Work order:
Could you print the stretch of lines below from the one with "for eyes only" through the one with "Droite Leviathan Green (リヴァイアグリーン)", exactly as they stand and without any pictures?

Information supplied:
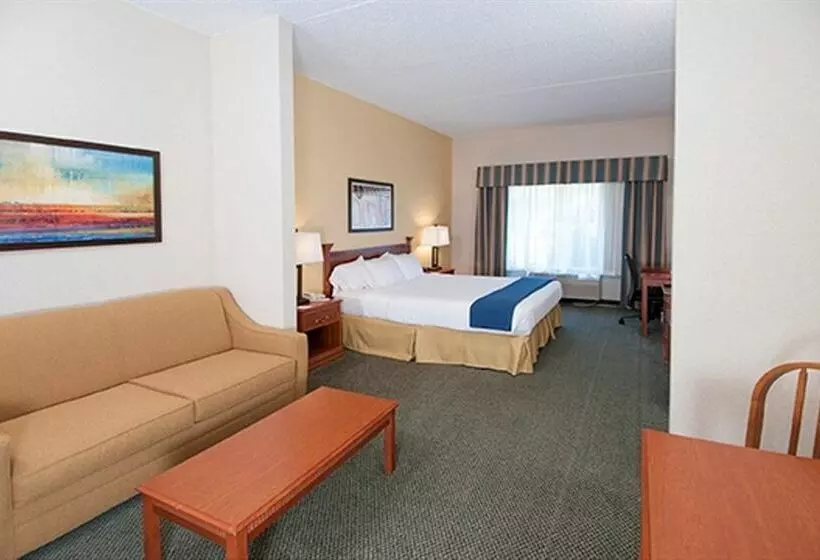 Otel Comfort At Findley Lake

==

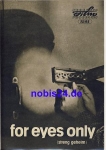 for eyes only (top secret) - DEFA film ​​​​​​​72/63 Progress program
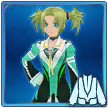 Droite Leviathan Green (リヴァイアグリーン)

==

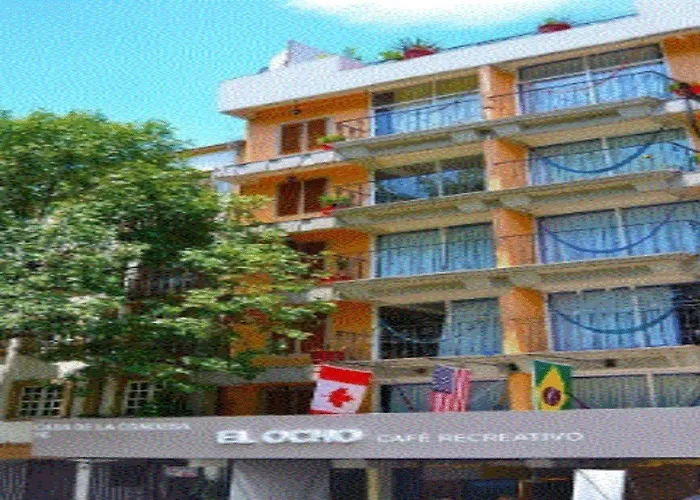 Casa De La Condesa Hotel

Exercise answer:
 for eyes only (top secret) - DEFA film ​​​​​​​72/63 Progress program
 Droite Leviathan Green (リヴァイアグリーン)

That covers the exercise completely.